Acórdão nº 165/04.2TBPBL .C1 de Court of Appeal of Coimbra (Portugal), 20 de Abril de 2010
Magistrado Responsável | MANUELA FIALHO |
Data da Resolução | 20 de Abril de 2010 |
Emissor | Court of Appeal of Coimbra (Portugal) |
Acordam na 1ª secção cível do Tribunal da Relação de Coimbra: A.....
, A. na acção, sedeada na...., interpôs recurso da sentença na parte em que a mesma absolveu os RR. de parte do pedido.

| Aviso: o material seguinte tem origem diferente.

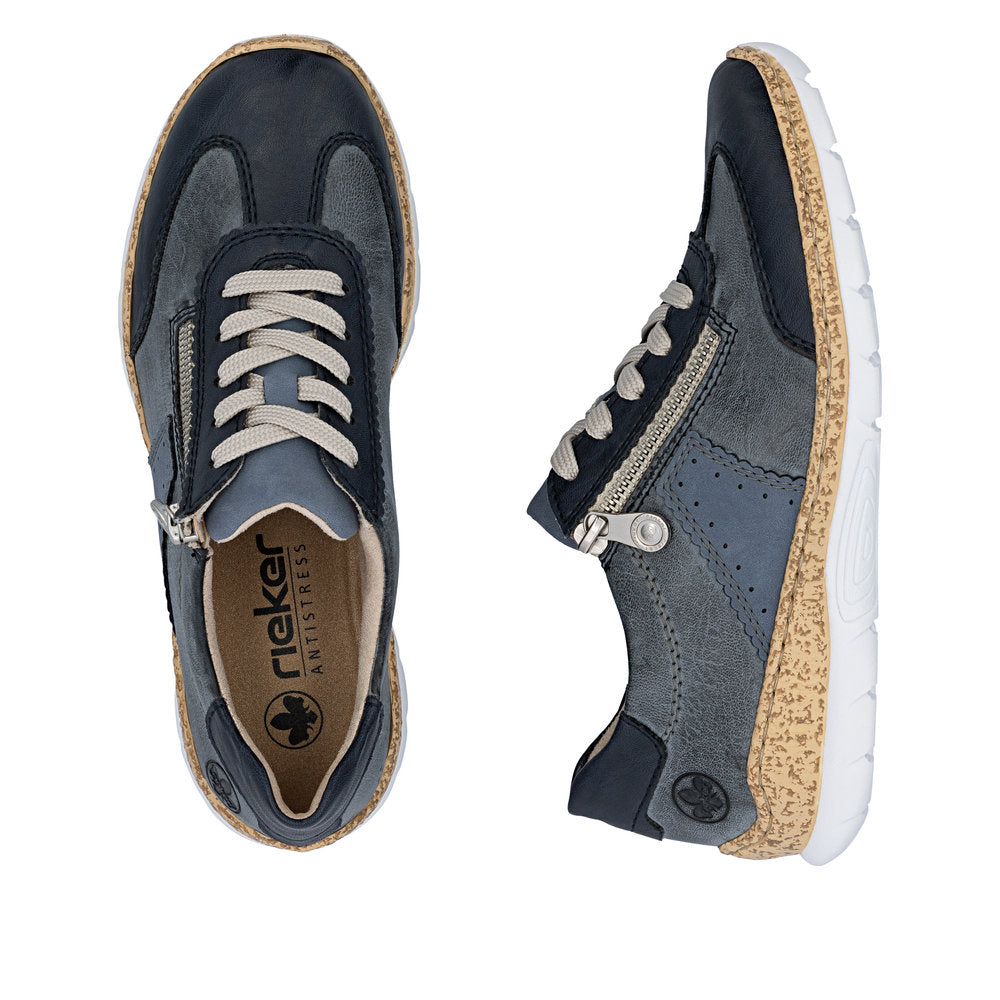 Rieker Ladies Lightweight Zip Side Lace Casual Shoe.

Pretende que se determinem os factos relevantes para a decisão e se revogue a sentença na parte que absolveu os RR., condenando-os a pagar-lhe a quantia reclamada e a de 38.906,49€ e juros moratórios e compulsórios ou, se assim não se entender, que se relegue a liquidação para execução de sentença.
Formulou as seguintes conclusões: 1 – A A. alegou factos e circunstâncias relevantes para a questão da decisão de direito, quanto à perda do lucro, proveito com a desistência da empreitada por parte do R., factos (retro elencados) que deveriam ser versados na base instrutória com vista a , sobre eles, se oferecer e produzir nova prova; 2 – A resposta ao quesito 25º devia ter em conta o valor global das facturas ou, pelo menos, o valor acrescido de IVA; 3 – A resposta ao quesito 26º al. B) deverá esclarecer que a piscina executada pelos RR. não foi construída em fibra, conforme convencionado, mas antes em betão, sendo o custo desta opção de valor superior; 4 – As facturas emitidas e enviadas aos Recrdºs., conforme consta da matéria assente na alínea M), ascendem ao total de 131.054,19€; 5 – Os Recrdºs. entregaram apenas a quantia de 69.831,68€, pelo que está em dívida a quantia de 61.222,45€; 6 – O Tribunal a quo, por erro de interpretação e/ou aplicação condenou os Recrdºs. apenas na quantia de 44.846,95€, aos quais deverá acrescer a quantia de 16.375,50€ para perfazer os 61.222,45€; 7 – Os Recrdºs. desistiram deliberada e convenientemente do contrato de empreitada celebrado com a Recrte.; por tal facto devem indemnizar a Recrte., não só pelos meios dispendidos, como ainda dos gastos e do proveito que obtinha com a obra; 8 – Aliás, confessada em parte, pelos mesmos, ao admitirem terem de pagar a quantia de 17.677,36€; 9 – O relatório pericial junto aos autos considera ser o lucro legítimo da obra em causa de 38.906,49€ a favor da Recrte.; 10 – Devem também os Recrdºs. indemnizar a Recrte. naquele valor de 38.906,49€, além do valor em dívida correspondente ao lucro ou proventos frustrados pela desistência do R. marido da empreitada; 11 – Ainda que assim não se entendesse, deveria relegar para liquidação em execução de sentença; 12 – Por erro de interpretação e ou aplicação, mas de molde consentâneos, observados os princípios gerais de direito civil e processual civil, mormente foram violadas as disposições legais atinentes, concretamente, o disposto nos Artº 1207º a 1229º do CC, 490º, 510º, 511º, 513º, 523º, 567º, 653º, 659º do CPC.
B...
e C...
, RR. na acção,..., contra-alegaram.
Defendem a improcedência do recurso com manutenção da sentença recorrida.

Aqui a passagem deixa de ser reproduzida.